Sylvia Scarlet 2Bien avant Mylène Farmer et son entêtant “sans contrefaçon, je suis un garçon“, la question de l’identité sexuelle s’est posée pour les femmes à travers leurs vêtements. Et “Il n’y a que les tailleurs pour ne voir dans l’habit de l’homme que du drap, comme les boulangers ne voient dans le pain que de la farine, de l’eau et du sel” comme disait le père Enfantin (sic). Le pantalon lancé par Chanel et démocratisé par Saint Laurent et Courrèges a eu des précurseures. D’abord, Jeanne d’Arc, celle qui pour beaucoup incarne la France et une certaine idée d’indépendance, et dont la mort sur le bûcher a été décidée quand elle a osé remettre ses vêtements d’homme, preuve manifeste de son hérésie indécrottable. George Sand travestie fumant le cigare a fait couler beaucoup d’encre et attisé bien de haines et de mépris de ses contemporains. Mais il y a eu Louise Michel la communarde, les scandaleuses Colette et Missy, la féministe Madeleine Pelletier, la peintre Rosa Bonheur, Renée Vivien et Nathalie Barney, les reines du saphisme à Paris à la fin du XIXème siècle, la terrible Violette Morris, les merveilleuses Sarah Bernhardt et la Dejazet qui jouèrent beaucoup de rôles masculins, de Hamlet à l’Aiglon, les écrivaines Marc de Montifaud et Rachilde, l’archéologue Jane Dieulafoy, la voyageuse Alexandra David Neil, la sulfureuse Annemarie Schwarzenbach et bien d’autres…. Toutes, elles se sont battues pour porter le pantalon, contre la loi de 1800 qui interdisait aux femmes de se travestir (loi abrogée enfin en novembre 2010!), anticipant le code civil de 1804 qui allait contraindre autant que faire ce peut les femmes au foyer, leur donnant un statut de mineure dés lors qu’elles se mariaient.

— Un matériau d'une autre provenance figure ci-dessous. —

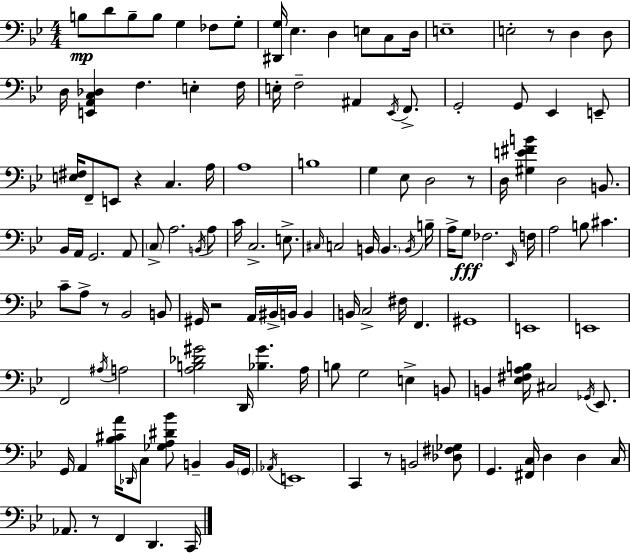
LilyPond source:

{
  \clef bass
  \numericTimeSignature
  \time 4/4
  \key g \minor
  \repeat volta 2 { b8\mp d'8 b8-- b8 g4 fes8 g8-. | <dis, g>16 ees4. d4 e8 c8 d16 | e1-- | e2-. r8 d4 d8 | \break d16 <e, a, c des>4 f4. e4-. f16 | e16-. f2-- ais,4 \acciaccatura { ees,16 } f,8.-> | g,2-. g,8 ees,4 e,8-- | <e fis>16 f,8-- e,8 r4 c4. | \break a16 a1 | b1 | g4 ees8 d2 r8 | d16 <gis e' fis' b'>4 d2 b,8. | \break bes,16 a,16 g,2. a,8 | \parenthesize c8-> a2. \acciaccatura { b,16 } | a8 c'16 c2.-> e8.-> | \grace { cis16 } c2 b,16 \parenthesize b,4. | \break \acciaccatura { b,16 } b16-- a16-> g8\fff fes2. | \grace { ees,16 } f16 a2 b8 cis'4. | c'8-- a8-> r8 bes,2 | b,8 gis,16 r2 a,16 bis,16-> | \break b,16 b,4 b,16 c2-> fis16 f,4. | gis,1 | e,1 | e,1 | \break f,2 \acciaccatura { ais16 } a2 | <a b des' gis'>2 d,16 <bes gis'>4. | a16 b8 g2 | e4-> b,8 b,4 <ees fis a b>16 cis2 | \break \acciaccatura { ges,16 } ees,8. g,16 a,4 <bes cis' a'>16 \grace { des,16 } c8 | <ges a dis' bes'>8 b,4-- b,16 \parenthesize g,16 \acciaccatura { aes,16 } e,1 | c,4 r8 b,2 | <des fis ges>8 g,4. <fis, c>16 | \break d4 d4 c16 aes,8. r8 f,4 | d,4. c,16 } \bar "|."
}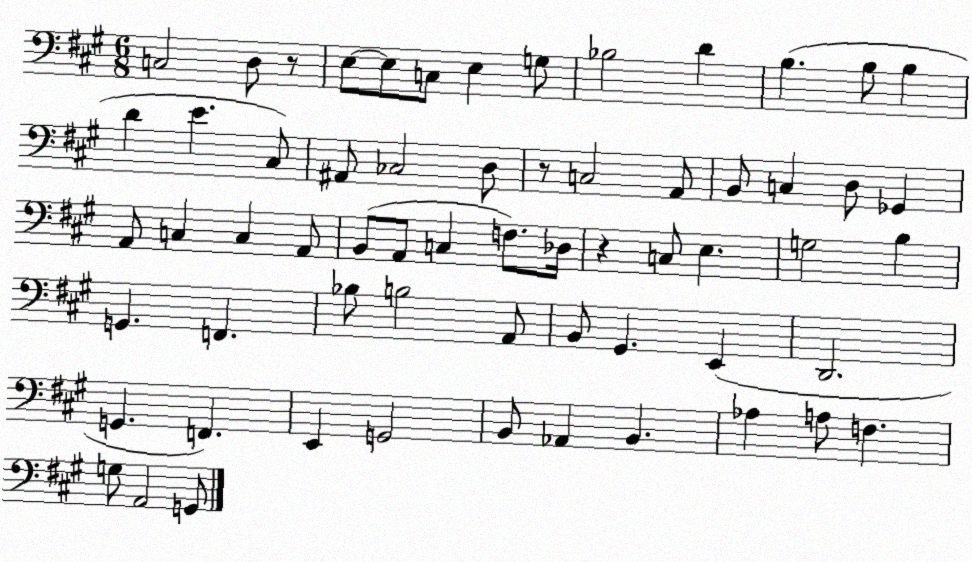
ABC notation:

X:1
T:Untitled
M:6/8
L:1/4
K:A
C,2 D,/2 z/2 E,/2 E,/2 C,/2 E, G,/2 _B,2 D B, B,/2 B, D E ^C,/2 ^A,,/2 _C,2 D,/2 z/2 C,2 A,,/2 B,,/2 C, D,/2 _G,, A,,/2 C, C, A,,/2 B,,/2 A,,/2 C, F,/2 _D,/4 z C,/2 E, G,2 B, G,, F,, _B,/2 B,2 A,,/2 B,,/2 ^G,, E,, D,,2 G,, F,, E,, G,,2 B,,/2 _A,, B,, _A, A,/2 F, G,/2 A,,2 G,,/2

Mais pourquoi les femmes voulaient elles tant porter le pantalon qui fait partie intégrante de notre garde robe aujourd’hui? Comment un vêtement a t il suscité autant de passions? D’abord, il faut se souvenir que les femmes en jupon ne portaient pas de culotte fermée. Elles étaient donc “accessibles” et vulnérables au premier passant priapique venu. Ensuite, la mode des corsets a été assassine. Coincées dans des vêtements qui les entravaient et étaient là uniquement pour les rendre désirables aux yeux des hommes, elles lorgnaient donc avec envie sur ce pantalon qui avait le pouvoir de les protéger du viol et autres agressions dues à leur sexe. Depuis la révolution française, le pantalon, apanage des hommes donc symbolisant le pouvoir, permettait à celles qui le portaient, à la fois d’affirmer leur différence intellectuelle, voire sexuelle, mais également d’être mieux payées. Un homme gagnait quasiment le double d’une femme pour la même tâche, et aujourd’hui encore, malgré les lois, les femmes continuent à être moins payées que leurs collègues masculins.

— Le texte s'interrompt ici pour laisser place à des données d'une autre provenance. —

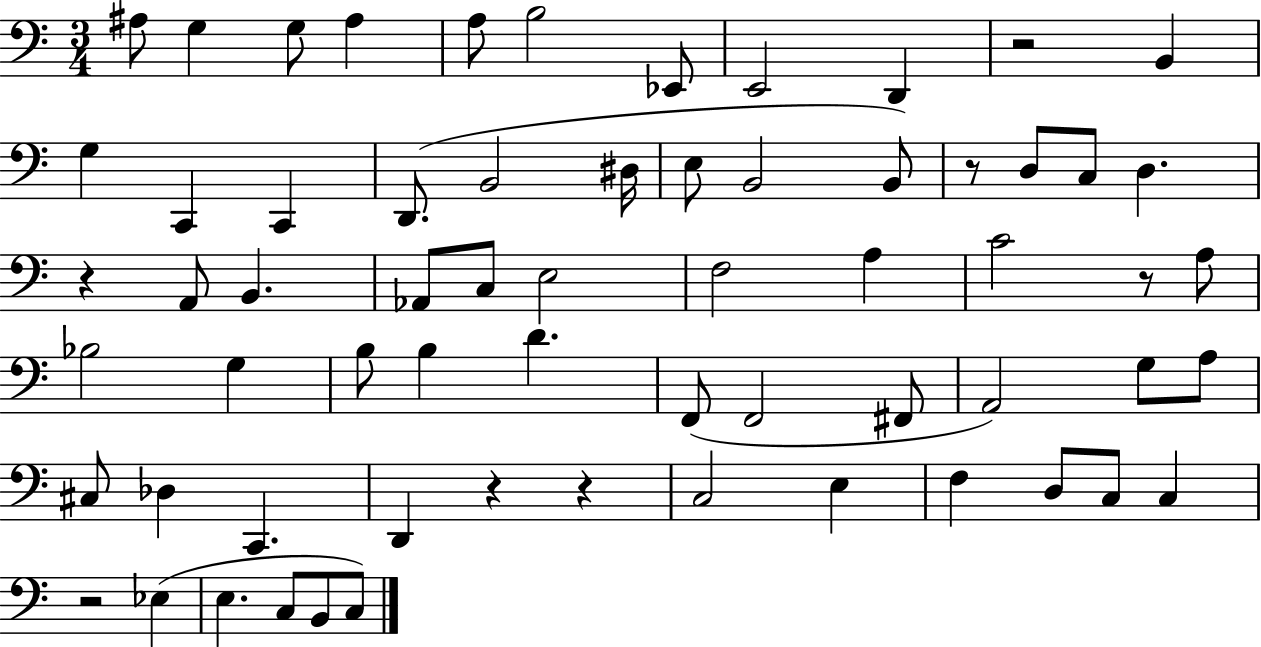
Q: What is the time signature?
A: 3/4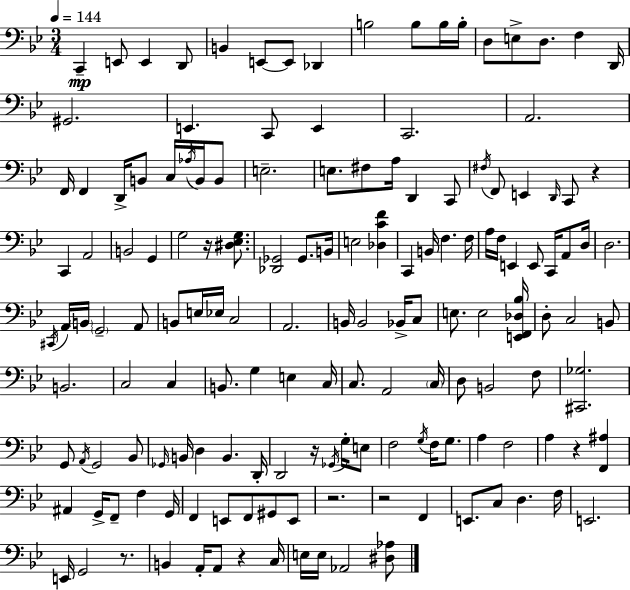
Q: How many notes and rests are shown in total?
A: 154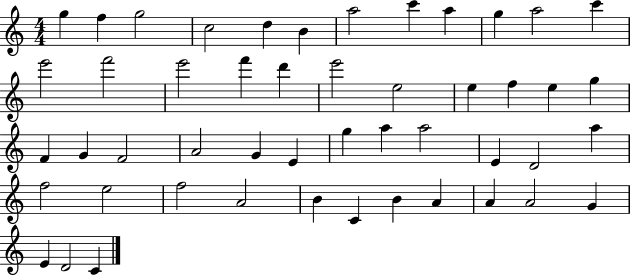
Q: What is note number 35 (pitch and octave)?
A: A5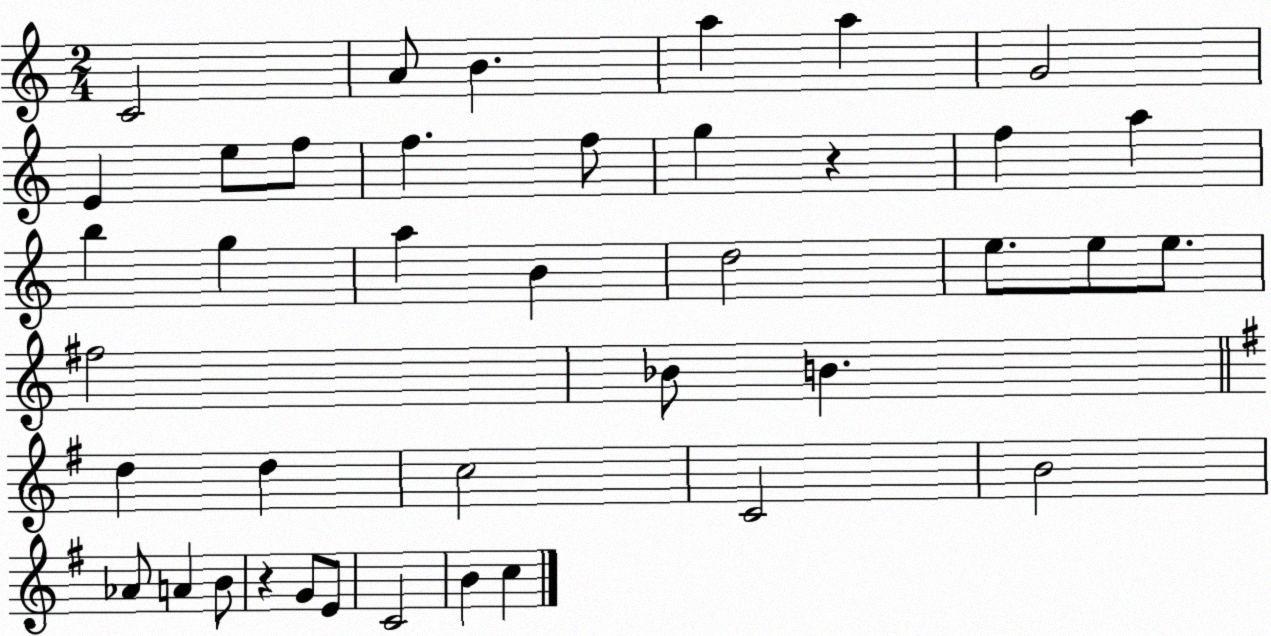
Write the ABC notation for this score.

X:1
T:Untitled
M:2/4
L:1/4
K:C
C2 A/2 B a a G2 E e/2 f/2 f f/2 g z f a b g a B d2 e/2 e/2 e/2 ^f2 _B/2 B d d c2 C2 B2 _A/2 A B/2 z G/2 E/2 C2 B c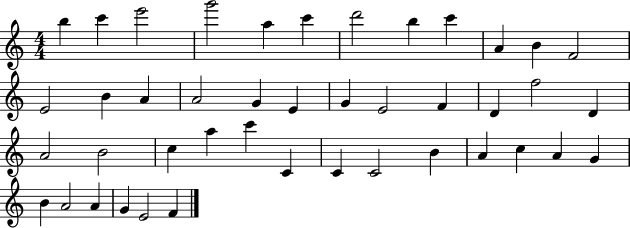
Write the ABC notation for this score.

X:1
T:Untitled
M:4/4
L:1/4
K:C
b c' e'2 g'2 a c' d'2 b c' A B F2 E2 B A A2 G E G E2 F D f2 D A2 B2 c a c' C C C2 B A c A G B A2 A G E2 F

Comment une loi peut elle être impunément bafouée sans que cela ne dérange personne? C’est un mystère en partie soulevé dans le passionnant livre de Christine Bard “Une histoire politique du pantalon”. L’auteure nous embarque dans l’histoire de ce vêtement dont le port qui semble tellement naturel aujourd’hui, a été conquis de haute lutte, comme le droit de lire, d’écrire, de conduire une voiture ou de travailler, par les féministes.

C’est dans les années 20, 30, avec l’arrivée des “garçonnes” que les femmes en pantalon commencent à devenir à la mode, donc acceptables. Puis avec les icônes qu’étaient Marlene Dietrich, Greta Garbo et la divinissime Katherine Hepburn dans “Sylvia Scarlett”, qui reste un sommet de chic et d’érotisme vénéneux, qu’elles accèdent au glamour.  Les grandes figures féminines du début du siècle dernier ont du vaincre des préjugés tenaces pour ainsi afficher une image féminine qui sorte des canons de beauté masculins, rigides et réducteurs, et porter la culotte a bel et bien été une victoire gagnée de haute lutte par les féministes tant raillées. Désireuses d’assumer leur sexualité et leur pensée hors norme, elles se battirent pour échapper aux crinolines, aux corsets, et autres prisons vestimentaires.

On disait de Marlene qu’elle n’était jamais si féminine qu’habillée en homme, et jamais aussi masculine qu’habillée en femme. L’ambivalence sexuelle est toujours ce qu’il y a de plus troublant, et dans le monde, les femmes n’ont pas fini de se réinventer pour accéder à leur désir, longtemps nié, voire oppressé.